**Information:**

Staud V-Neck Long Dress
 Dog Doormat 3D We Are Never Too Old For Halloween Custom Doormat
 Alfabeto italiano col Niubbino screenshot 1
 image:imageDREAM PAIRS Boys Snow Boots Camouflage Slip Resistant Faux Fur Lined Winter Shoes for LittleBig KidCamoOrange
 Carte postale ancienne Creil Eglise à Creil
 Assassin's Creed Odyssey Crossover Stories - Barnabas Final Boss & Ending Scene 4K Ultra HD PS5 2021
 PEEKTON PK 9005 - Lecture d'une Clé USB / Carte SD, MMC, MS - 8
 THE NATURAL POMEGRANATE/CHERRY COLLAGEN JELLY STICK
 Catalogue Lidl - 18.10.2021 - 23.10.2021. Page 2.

**Exercise aim:**
Filter the records above for lines with "Carte".

**Result:**
 Carte postale ancienne Creil Eglise à Creil
 PEEKTON PK 9005 - Lecture d'une Clé USB / Carte SD, MMC, MS - 8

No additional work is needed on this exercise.